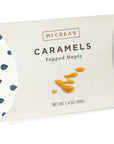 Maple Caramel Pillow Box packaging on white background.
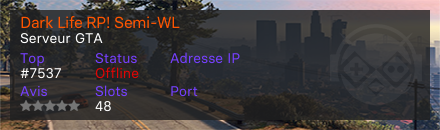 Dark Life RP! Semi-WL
--
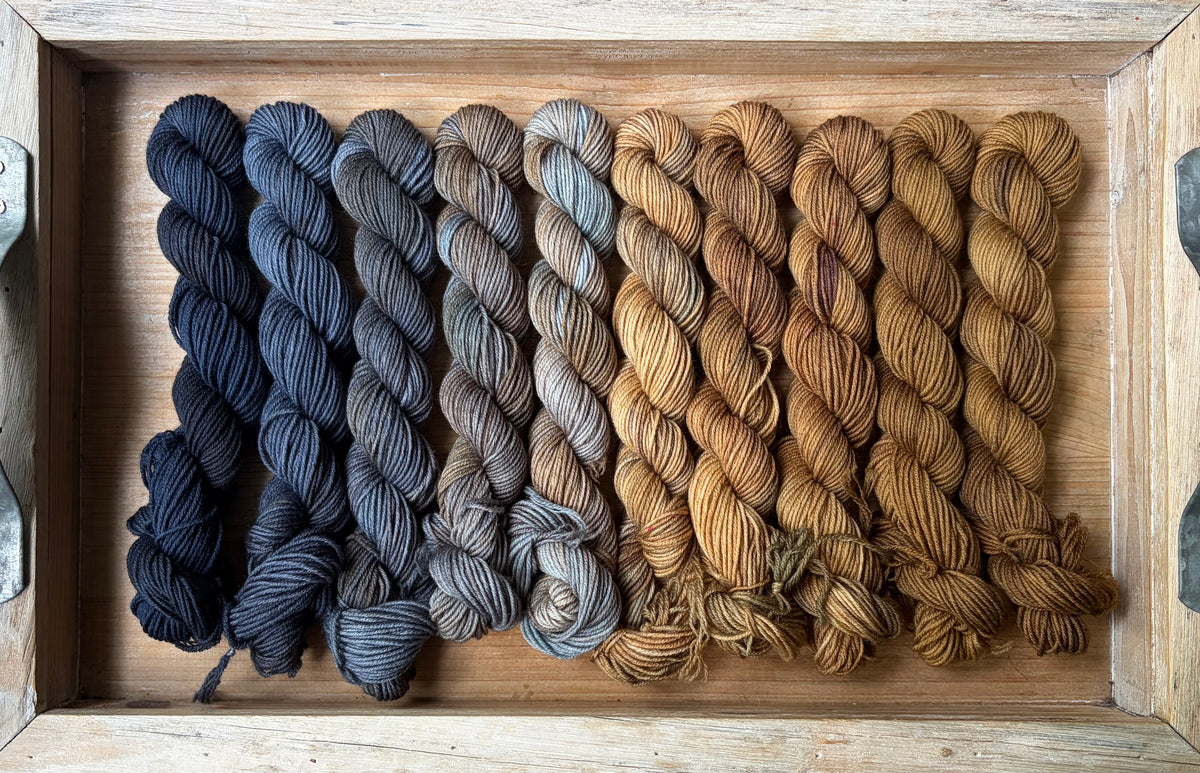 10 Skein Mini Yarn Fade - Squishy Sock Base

What to produce =>
Take the lines above starting at the one containing "Maple Caramel Pillow" and ending at the one containing "Dark Life RP! Semi-WL", and print them again exactly, without pictures.

Your solution =>
 Maple Caramel Pillow Box packaging on white background.
 Dark Life RP! Semi-WL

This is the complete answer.